First – three things that DoD got right.
- Elimination of the $50,000 Threshold. The proposed rule required IR&D reports from all major contractors generating more than $50,000 annually in IR&D costs. However, the regulations define "major contractors" as contractors whose covered segments are allocated more than $11,000,000 in total IR&D costs during the preceding fiscal year. The two different dollar thresholds created confusion as to who should be reporting and what projects should be included in these reports. The final rule removed the redundant $50,000 threshold, clarifying that all "major contractors" with more than $11,000,000 in allocable IR&D costs must submit reports on all of their IR&D projects, regardless of the dollar value of a specific project. Other non-major contractors, the final rule noted, are welcome to submit reports voluntarily.
- Clarification Regarding Classified IR&D Projects. The proposed rule would have established a broad-ranging disclosure requirement for all IR&D projects, without regard to whether a project was classified. The final rule clarified that only unclassified projects should be submitted through the DoD’s Defense Technical Information Center ("DTIC") website (www.dtic.mil/ird/dticdb/index.html).
- Reiterating that Submissions Will Be Protected as Proprietary. The proposed rule required general descriptions of IR&D projects, with no guidance on what should be submitted and no assurances of how the information would be handled within the government. The final rule made clear that information reported through the DTIC website would be considered proprietary under the Freedom of Information Act ("FOIA"), 5 U.S.C. § 552(b)(4), and that it would not be subject to public disclosure. Furthermore, DoD clarified that companies are in control of the level of specificity to be included in the reports.
But – there are at least three things that DoD simply failed to address in any meaningful manner:
- Adequacy of Controls at the DTIC Website? The American Bar Association, Section of Public Contract Law, pointed out that the security of the DTIC website was questionable, to which DoD merely assured that "adequate controls are in place" and that "sufficient measures are being employed." We were hoping for more than an assertion of "adequate assurances." It does a company no good to have its data treated as proprietary under FOIA, where the underlying data source remains at risk.
- Role of DCAA in Auditing and Evaluating Reports? The final rule acknowledged concerns over tying the allowability of IR&D costs (audited by the Defense Contract Audit Agency ("DCAA")) to the submission of these technical reports, but DoD addressed these concerns only obliquely. While the final rule states that contracting personnel will retain authority to determine whether IR&D projects are "of potential interest" to the DoD, it also reinforces the fact that collaboration between the technical team and audit team must take place. "[W]hen specialized expertise is required, contracting officers are expected to consult with auditors and other individuals with specialized experience, as necessary, to ensure a full understanding of issues." This perplexing statement only serves to raise additional questions: When will expertise be required? When will consultation be necessary? What issues will auditors and experts help to resolve? And why are cost auditors involved in an evaluation of a technical project in the first place?

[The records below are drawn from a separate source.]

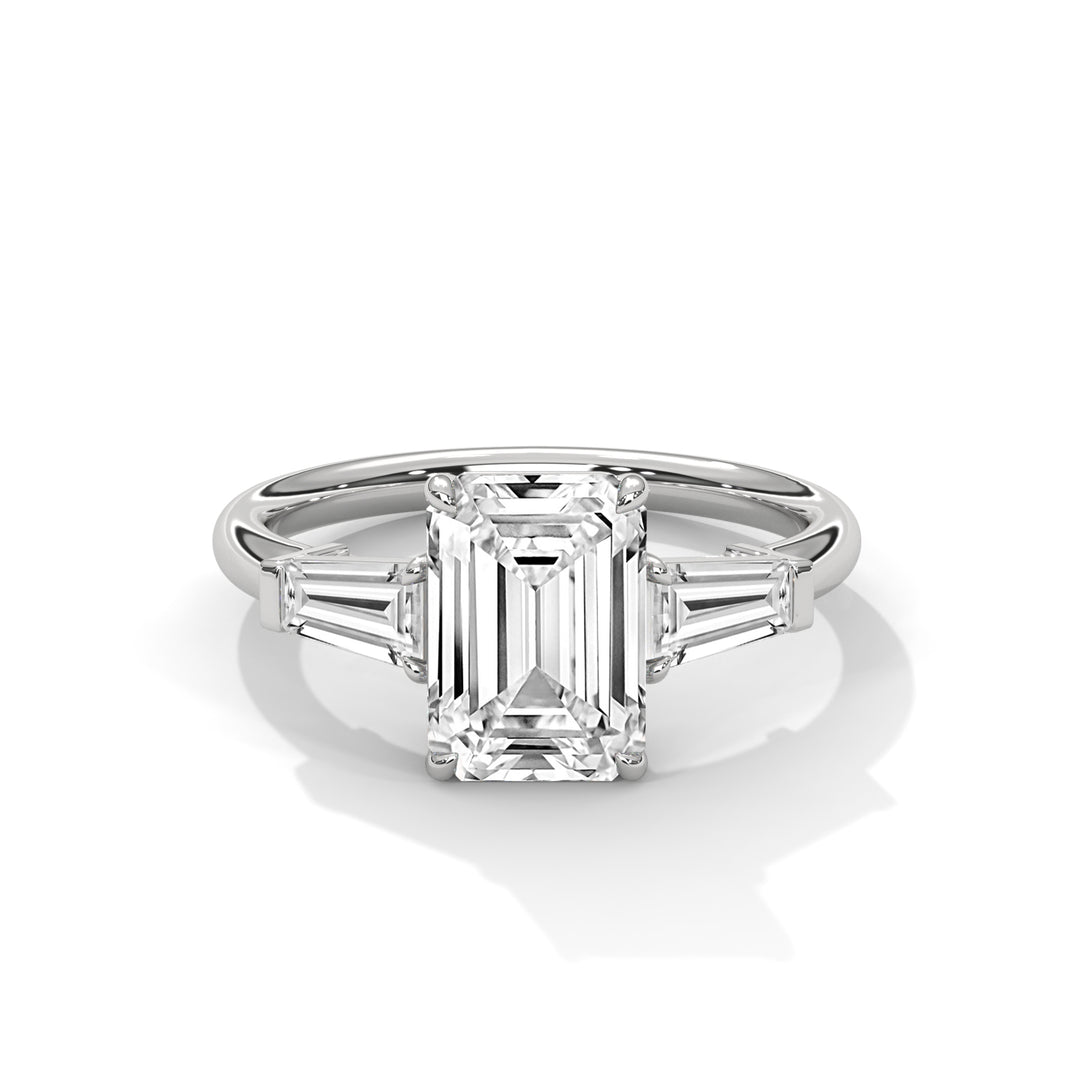 A sleek silver ring with a large emerald-cut diamond at the center, flanked by two tapered baguette side stones, exuding elegance and sophistication.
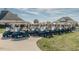 Row of golf carts parked neatly in front of the clubhouse in Chapel Ridge at 67 Spring Hollow Ct, Pittsboro, NC 27312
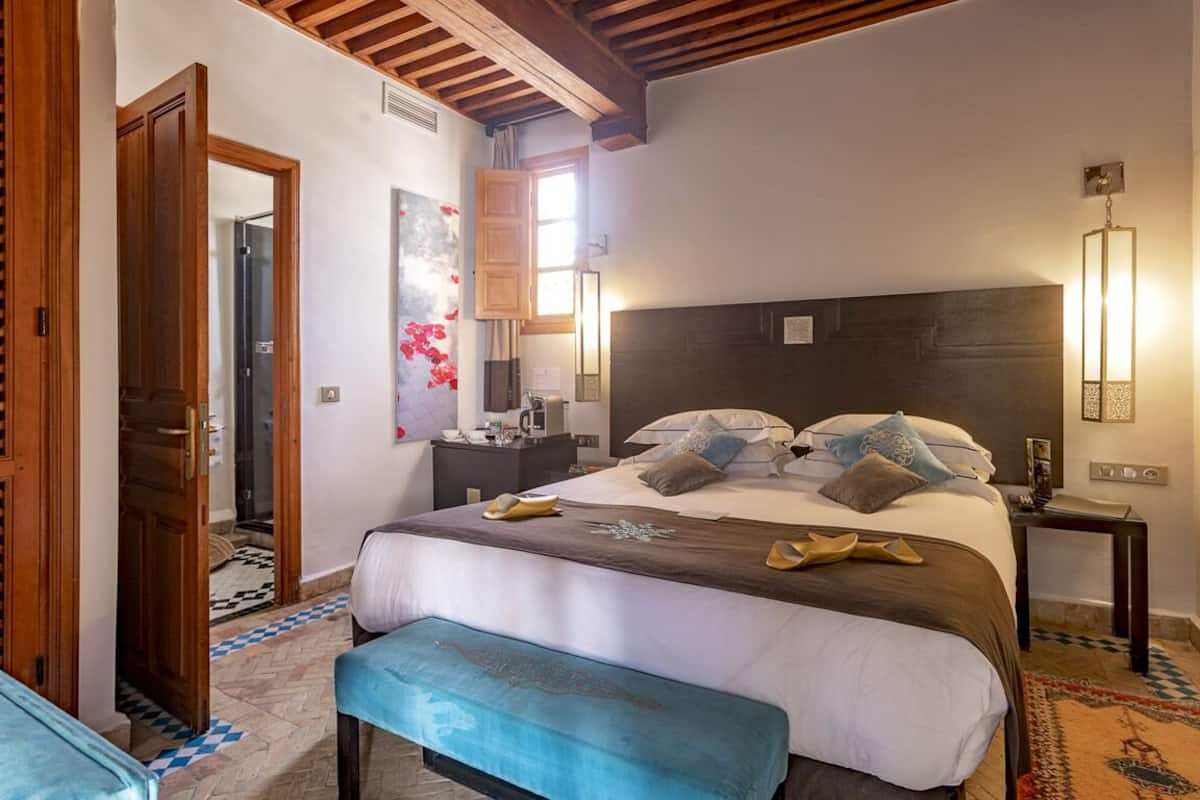 Une chambre à coucher avec un grand lit, une tête de lit en bois, des tables de chevet et un banc.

- What Information Will Be Required in These Reports? The final rule states that companies are in control of the level of specificity to be included in the reports, including the types of proprietary information to be included. In fact, the instructions prepared by DTIC for submitting the IR&D reports identify the information to be entered in the various data fields (project title, project number, status/readiness level, anticipated expenditures, targeted DoD organization, etc.), calling for "a 1-2 sentence summary" of the IR&D project and a brief project description, not to exceed 10,000 alpha numeric characters (about three typed pages). While we appreciate that DoD hopes to limit the overall reporting requirement (a reporting requirement that the proposed rule estimated would take only 30 minutes for each report), we wonder whether DCAA auditors will insist on "more" information when evaluating the quality of the IR&D reports, especially given that DCAA has a long history of over-reaching and of invasive audit demands into areas in which they have no functional expertise. Somehow, we doubt that DCAA will be willing to show much restraint.
Whether requiring these reports is a good idea is now a moot point – the rule is final and all major contractors are required to report so that the DoD can regain greater visibility into IR&D funding and better evaluate whether the funded projects have a discernible technological purpose that benefits DoD. But, beyond the increased audit scrutiny, we think that this new reporting requirement reflects a continuing shift in DoD’s overall policy approach to IR&D, with DoD hungry for more rights and more visibility into research and development projects that, by regulation, must remain independent. Given the high value that is inevitably associated with this incessant search for more, we are quite sure that companies would rest easier if their concerns were actually addressed in the final rule in a substantive manner.